The first two-parter of Doctor Who season nine is complete, and many questions were answered: What did the Doctor say to that small boy alone on a battlefield? Whatever happened to Missy and Clara? Why does Davros want to talk to his arch-enemy anyhow?
Let’s take a look at “The Witch’s Familiar.”
We start with Missy and Clara—who are clearly not dead at all. Missy starts by giving Clara a scenario, where the Doctor is on the run from android assassins, traveling by one of their teleport devices, just like she was in the previous episode. She asks Clara how the Doctor avoids being killed by the assassins, and Clara figures he does it by using the tech from the teleport device to absorb their weapons’ fire and teleport again… and that happens to be exactly how Missy avoided being killed before, and how they’re still alive. Missy asks why the Doctor survives, and Clara says it’s because he always believes he can. Missy asks what is different now, then, with his delivering of the will and such. Clara says that it means the Doctor has given up hope, and they in turn give up hope because he has. With that lesson over, they journey back to the heart of Skaro to find the Doctor.
The Doctor steals Davros’ chair for a while, making use of its shielding. He asks the Daleks to return Clara to him, even having seen her murder. Davros has his snaky security guard stop the Doctor and bring him back, insisting that they’ll entrap him yet.
Missy and Clara head into the Dalek sewer, which turns out to be more of a Dalek graveyard, where the useless bodies of Daleks who have lived too long wither away and melt into the walls. Missy insists that they get Clara caught so they can get a Dalek to come down there. One arrives and Missy pierces it, prompting a Dalek stew in the sewer to attack and destroy it. Missy has Clara climb into the Dalek casing and control it; one of the things she finds is that whenever Clara tries to say her own name, it comes out “I am a Dalek,” and when she says I love you, it comes out “Exterminate.” They head aboveground to talk to the Daleks.

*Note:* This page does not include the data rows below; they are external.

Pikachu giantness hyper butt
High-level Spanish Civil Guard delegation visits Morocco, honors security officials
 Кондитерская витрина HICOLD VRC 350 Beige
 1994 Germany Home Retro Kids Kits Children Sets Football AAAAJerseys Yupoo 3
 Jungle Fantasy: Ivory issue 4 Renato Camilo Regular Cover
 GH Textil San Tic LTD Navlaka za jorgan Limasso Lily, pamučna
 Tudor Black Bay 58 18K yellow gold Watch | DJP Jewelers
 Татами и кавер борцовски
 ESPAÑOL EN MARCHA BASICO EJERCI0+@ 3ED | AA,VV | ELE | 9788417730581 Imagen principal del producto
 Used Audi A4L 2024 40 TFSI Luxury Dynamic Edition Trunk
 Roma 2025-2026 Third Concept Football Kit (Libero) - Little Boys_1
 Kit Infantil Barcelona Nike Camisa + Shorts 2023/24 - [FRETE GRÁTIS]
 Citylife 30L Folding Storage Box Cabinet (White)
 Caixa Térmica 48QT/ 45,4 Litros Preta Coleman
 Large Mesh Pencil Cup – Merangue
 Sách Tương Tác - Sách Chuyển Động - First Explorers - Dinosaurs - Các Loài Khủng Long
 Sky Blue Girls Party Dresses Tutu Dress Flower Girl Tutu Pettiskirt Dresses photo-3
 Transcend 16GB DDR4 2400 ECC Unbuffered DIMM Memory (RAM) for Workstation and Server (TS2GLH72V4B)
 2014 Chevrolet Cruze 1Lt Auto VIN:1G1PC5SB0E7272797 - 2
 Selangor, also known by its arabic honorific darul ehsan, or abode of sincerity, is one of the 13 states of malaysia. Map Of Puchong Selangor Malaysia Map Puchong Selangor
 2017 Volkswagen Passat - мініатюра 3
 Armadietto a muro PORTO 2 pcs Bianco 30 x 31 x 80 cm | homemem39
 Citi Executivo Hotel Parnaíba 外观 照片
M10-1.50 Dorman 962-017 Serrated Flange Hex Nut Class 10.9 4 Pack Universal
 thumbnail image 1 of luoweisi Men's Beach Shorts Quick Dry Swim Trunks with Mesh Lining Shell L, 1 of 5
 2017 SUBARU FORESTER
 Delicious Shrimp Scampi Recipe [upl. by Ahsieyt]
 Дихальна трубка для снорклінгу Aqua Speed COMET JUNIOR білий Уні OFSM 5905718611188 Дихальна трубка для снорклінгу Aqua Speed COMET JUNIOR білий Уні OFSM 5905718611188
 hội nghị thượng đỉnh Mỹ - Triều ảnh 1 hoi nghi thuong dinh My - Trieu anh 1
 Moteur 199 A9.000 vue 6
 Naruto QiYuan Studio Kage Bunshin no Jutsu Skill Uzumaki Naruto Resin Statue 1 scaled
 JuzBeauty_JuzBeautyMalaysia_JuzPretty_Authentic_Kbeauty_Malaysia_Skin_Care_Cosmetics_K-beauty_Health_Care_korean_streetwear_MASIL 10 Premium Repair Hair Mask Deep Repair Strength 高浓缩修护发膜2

In the meantime, the Doctor has a long heart-to-heart with Davros, who is being surprisingly kind. He asks about the Doctor’s “will,” which is apparently a confession that explains why he ran from Gallifrey in the first place. He talks of their never-ending conflict; of the cables in his chamber that he draws life from, connected to every Dalek; and how it’s no longer enough to sustain him. He encourages the Doctor to murder the Daleks through those cables, pointing out how many of each other’s peoples they’re responsible for killing. The Doctor tells Davros that Gallifrey is actually out there somewhere, and Davros is glad, glad to know that the Doctor still has his people. He asks to look on the Doctor with his real eyes, and they have a moment together, joking around. He tells the Doctor that all he really wants is to see the sunrise one more time before he dies. By the time they get to that sunrise, Davros cannot open his eyes and seems near the end, so the Doctor offers up some regeneration energy…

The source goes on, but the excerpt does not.